Historians have traced the origin of the Cossacks to serfs who fled from the principality of Moscow in the 14th and 15th centuries and established wheat growing and stock raising communities in the valleys of the Dnepr, Don and Ural rivers in Siberia.
The Cossack communities were governed by village elders called atamans or hetmans. The chief ataman or hetman of the region enjoyed great prestige and exercised the authority of a military chieftain in war and of a civil administrator in peacetime.
From the 16th Century, as the czars extended their realm, the Cossacks were subjected to the authority of the Russian government, which tried to incorporate them into the state on the same basis as the other inhabitants of the country. Therefore, as subjects of the czar, all Cossack males 18 to 50 years of age became liable to military service. They were used most often as cavalrymen and became famous in the wars of the czars against the Tartars in the Crimea and the Caucasus.
The Cossacks cherished their traditions of freedom, however, and conflicts with the czars followed. In the 17th and 18th centuries the Cossacks, supported by peasants, engaged in two widespread revolts in the lower Volga Valley. The revolts occurred in 1670 71 and 1773 74.
Later the czars used the Cossacks as border troops and as a special military and police force for the suppression of internal rest.
Cossack troops were used in the suppression of the Russian Revolution of 1905 although they refused to be used for the same purpose in the Revolution of 1917.
During the civil war in Russia, following the Revolution of 1917, the majority of the Cossacks fought against the Red armies.
The establishment of the Soviet regime made a great number of changes in Cossack life.

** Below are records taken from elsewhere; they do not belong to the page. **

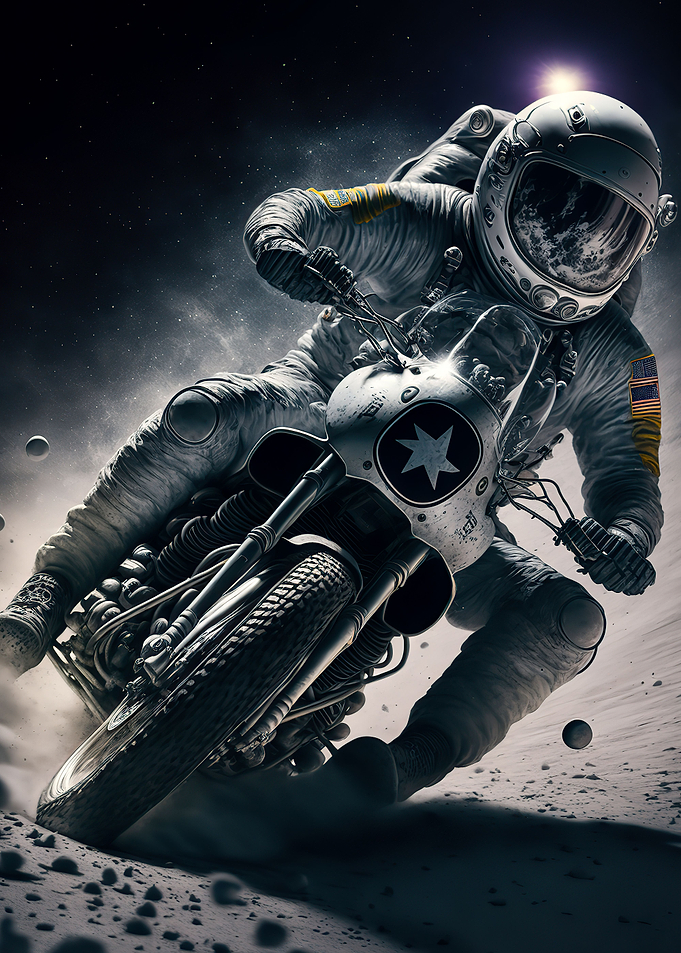 Astronaut riding motorbike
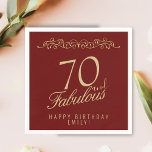 Elegant Red 70 and Fabulous Ornament 70th Birthday Napkin<br><div class="desc">Elegant Red 70 and Fabulous Ornament 70th Birthday Napkins. 70 and fabulous text in trendy golden script on a dark red background. Personalise it with your name and your age,  and make your own elegant birthday party napkins for a woman`s birthday party.</div>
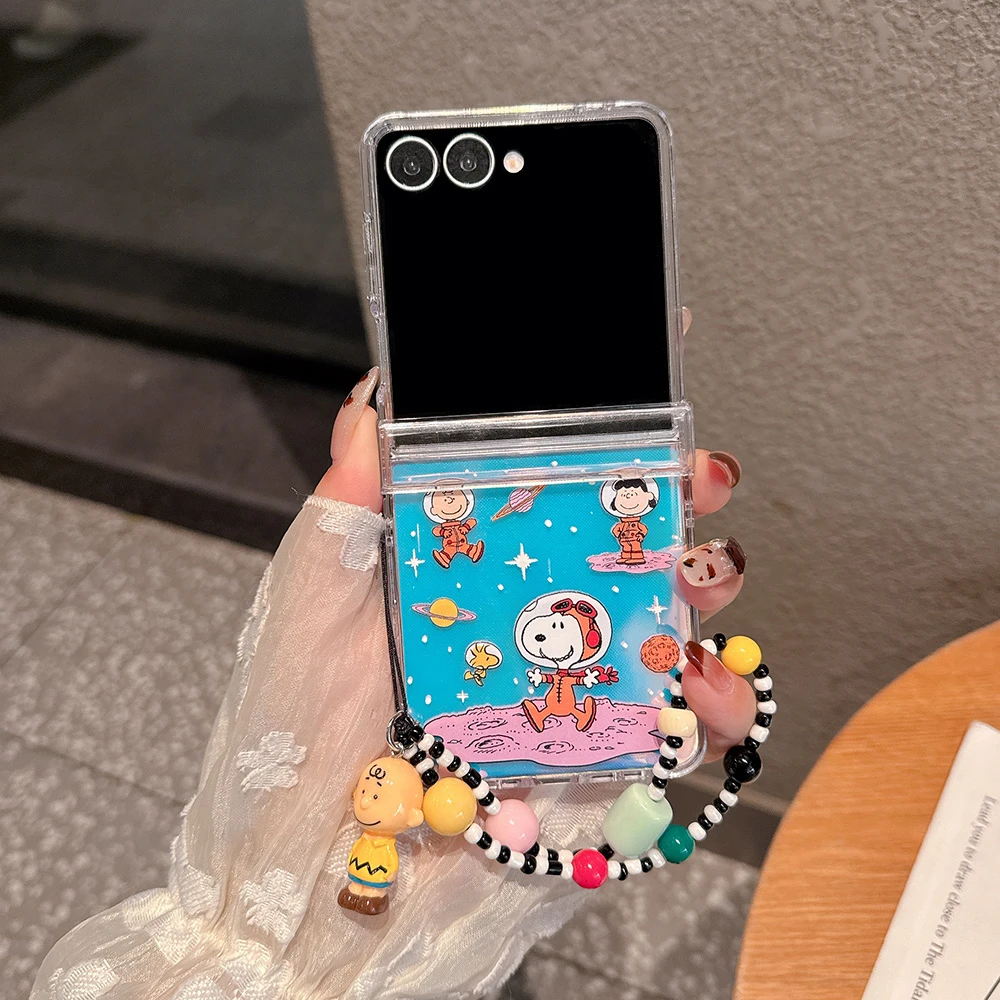 لطيف الكرتون سنوبي تشارلي براون قضية الهاتف لسامسونج غالاكسي Z فليب 7 الصلب PC الغطاء الخلفي ل Z فليب 6 5 حالات مع الحبل #3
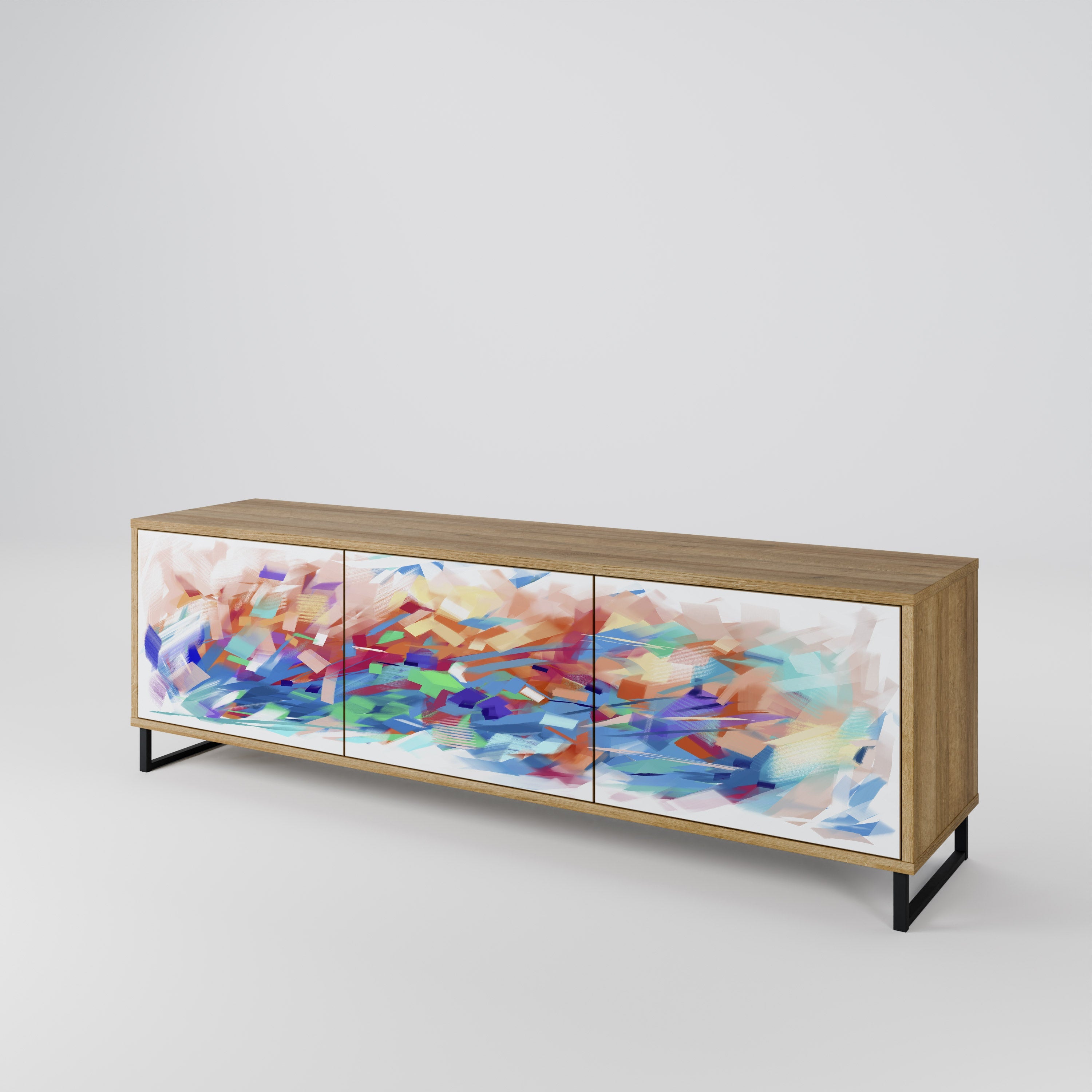 FINESSE MASH-UP Móvel de TV com 3 Portas em Efeito Carvalho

The richer Cossacks lost their wealth and social distinctions based on wealth were abolished. The new government also abolished the traditional forms of local administration and Cossack soldiers lost their special military and police duties.
Despite resistance, in the early 1930s the Cossacks were assigned to collective farming. Cossack cavalry units were forbidden and many Cossacks were resettled in Kazakhstan Oblast and in a number of areas in Siberia.
In 1936 the Soviet government re established a number of Cossack cavalry divisions that later fought against the Germans in World War II.
Today Cossack customs and traditions still survive and even thrive, especially in the areas of the Don and Kuban rivers.